> **YOUR ASSIGNMENT**
A faithful copy of all the data is the goal; omit the pictures.

> **DATASET EXTRACT**
· · · · ·

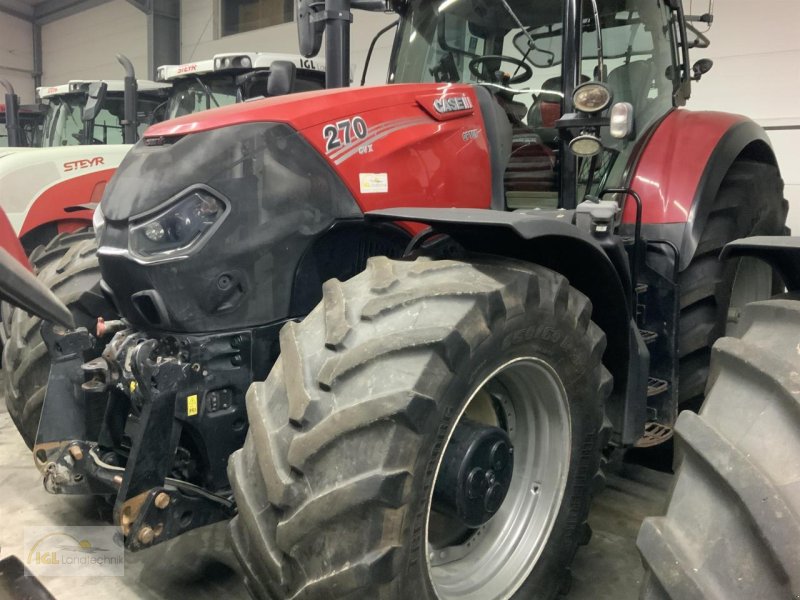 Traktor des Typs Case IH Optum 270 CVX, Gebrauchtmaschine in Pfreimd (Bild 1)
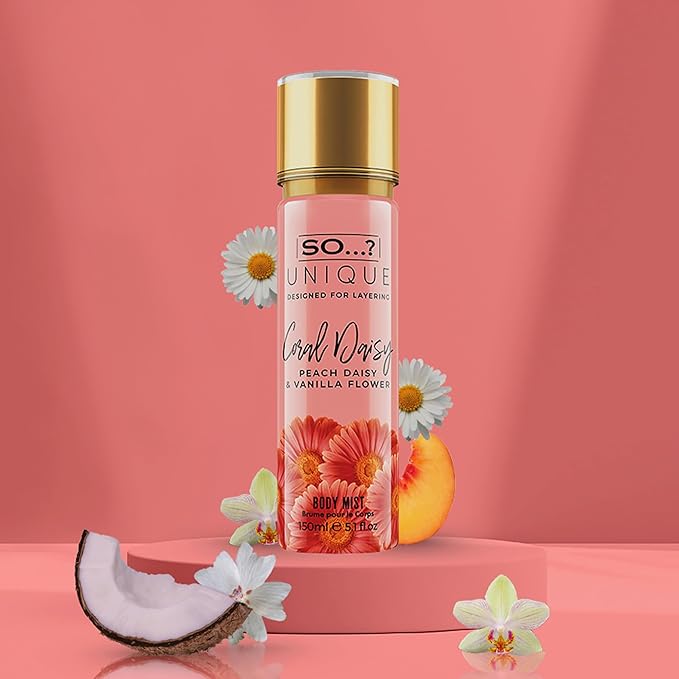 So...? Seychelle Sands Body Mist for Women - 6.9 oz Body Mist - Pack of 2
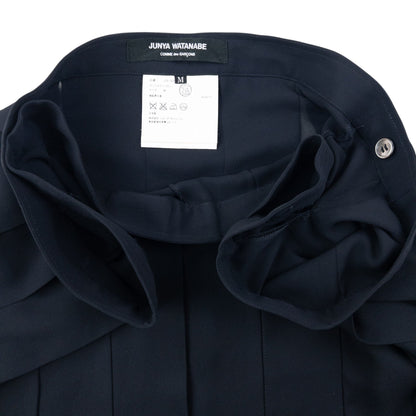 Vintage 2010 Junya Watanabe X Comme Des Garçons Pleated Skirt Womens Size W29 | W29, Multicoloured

· · · · ·

> **REPLY TO THE TASK**
 Traktor des Typs Case IH Optum 270 CVX, Gebrauchtmaschine in Pfreimd (Bild 1)
 So...? Seychelle Sands Body Mist for Women - 6.9 oz Body Mist - Pack of 2
 Vintage 2010 Junya Watanabe X Comme Des Garçons Pleated Skirt Womens Size W29 | W29, Multicoloured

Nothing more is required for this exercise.